Ricardo Miranda
Da equipe do Correio
Rio de Janeiro – Espécie de biógrafo oficioso do presidente Luiz Inácio Lula da Silva, o professor, cientista político e acadêmico Cândido Mendes, reitor da universidade que leva seu nome, acaba de lançar Lula apesar de Lula (Editora Garamond), uma espécie de alerta vermelho ao presidente reeleito. Em seu quarto livro sobre o atual presidente — depois de Lula: a opção mais que o voto, Lula entre a impaciência e a esperança e Lula depois de Lula —, Cândido Mendes, 78 anos, afirma que o operário-presidente vive uma espécie de contagem regressiva histórica. “Ou ele se torna fortíssimo em um ano e meio, ou não terá mais nenhuma expressão.” Mesmo tendo apoiado a reeleição, o professor mantém sua pena a serviço da história, lançando um aviso que muitos, mesmo próximos do Planalto, não ousariam dar: a paciência do povo tem limite. Pior: ninguém sabe qual é esse limite. “Lula foi eleito por um inconsciente coletivo. E o inconsciente coletivo dá prazos que não são do Brasil oficial”, explica. O encanto, informa, pode se quebrar de repente, mesmo com toda a força das urnas. Sobre 2010, o professor lança um presságio. Se tudo der certo, o sucessor de Lula, mesmo apoiado por ele, não será do PT. Esse nome poderia ser o do governador de Minas Gerais, Aécio Neves (PSDB).

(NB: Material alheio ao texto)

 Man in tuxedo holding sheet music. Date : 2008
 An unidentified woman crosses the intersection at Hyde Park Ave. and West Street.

Narrando o que chama de “história imediata”, uma lupa colada sobre a história ainda em curso — método que já rendeu outros livros sobre os governos Fernando Collor de Mello e Fernando Henrique Cardoso —, Cândido Mendes procura entender as razões para a popularidade presidencial, mesmo com toda a seqüência de denúncias contra o seu governo. “Lula é maior do que o partido e hoje é maior que a sua própria persona. Ele é portador dessa esperança, o que o transforma num governante frágil”, avalia o professor. Em entrevista ao Correio na reitoria de sua faculdade, no Centro do Rio, Cândido Mendes diz que a aliança PT-PMDB será o embrião de uma nova força política e que Lula não precisará praticamente do Congresso para governar. Legislativo que, segundo ele, é tão ruim que só serve à Cosa Nostra. Ele acredita que reforma política alguma acabará com o clientelismo, a corrupção e o caixa 2 na política, que já é institucional. A seguir, os principais trechos da entrevista.
Voto inconsciente
Por que o senhor decidiu escrever um quarto livro sobre o presidente Lula?

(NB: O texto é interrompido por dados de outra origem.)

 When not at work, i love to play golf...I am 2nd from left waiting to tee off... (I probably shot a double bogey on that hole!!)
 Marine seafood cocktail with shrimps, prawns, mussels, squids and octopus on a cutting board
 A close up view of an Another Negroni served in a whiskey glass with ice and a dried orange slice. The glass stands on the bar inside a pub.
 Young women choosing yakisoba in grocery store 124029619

Estudar a história imediata é manter o acompanhamento dia-a-dia do presidente, sem que isso signifique um diário. É uma velha vocação ligada à minha formação, combinando história e ciência política, e que me levou antes a escrever três livros sobre os presidentes Collor e Fernando Henrique. Infelizmente não existe uma história imediata do presidente Getúlio Vargas e seu diário pessoal é a maior contradição com sua importância como presidente.
O senhor apoiou publicamente a reeleição do presidente Lula. É possível essa paixão ou admiração de um intelectual por um homem público?
A paixão é pelo Brasil. E a admiração é pelos que conseguem responder a essa expectativa. Minha geração sempre defendeu a idéia de que, nos países que saíram de uma estrutura colonial, como o nosso, o povo como povo é melhor do que a elite como elite. E que as estruturas político-partidárias não capturam a consciência da mudança. Da minha militância na esquerda católica brasileira (foi secretário-geral da Comissão de Justiça e Paz por 25 anos) vem a idéia de que, em países assim, a consciência da mudança depende de quem a sofre, não de quem a patrocina.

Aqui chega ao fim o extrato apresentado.